Wind farm in Buckinghamshire, England

Milton Keynes wind farm is located 2 miles east of Emberton in the City of Milton Keynes, Buckinghamshire, UK. It was developed by Your Energy and is owned by Mistral Windfarms. The wind farm comprises seven turbines 125 m to the blade tip, and has a total installed capacity of 14 MW. They were expected to produce approximately 38 GWh of electricity per year.

==Development and Construction==
A planning application was submitted in August 2006 to Milton Keynes City Council by Your Energy Ltd, and was granted planning permission in January 2008.

The decision was challenged and upheld three separate times during 2008 by objectors to the project. It was the first wind farm challenge to go as high as the House of Lords.

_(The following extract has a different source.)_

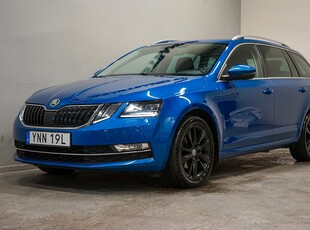 Skoda Octavia Kombi 1.5 150hk Premium Style Drag Värmare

The main contractor for civil and electrical works was Morrison Construction, part of the Galliford Try Group. Danish company Vestas supplied the turbines, Vestas V90-2MW machines. Engineering Renewables Ltd were Project Managers for construction and operations.

The turbines were delivered to the Port of Hull, where they continued their journey to Milton Keynes by road. Construction commenced in November 2009 and was completed by September 2010.

==Community Benefit Fund==
£190,000 will be contributed towards community projects over the life of the wind farm. An additional £50,000 is being directed toward improving the biodiversity of the surrounding area and local footpath networks over the first five years.

A similar fund is in place at Burton Wold Wind Farm, also developed by Your Energy Ltd.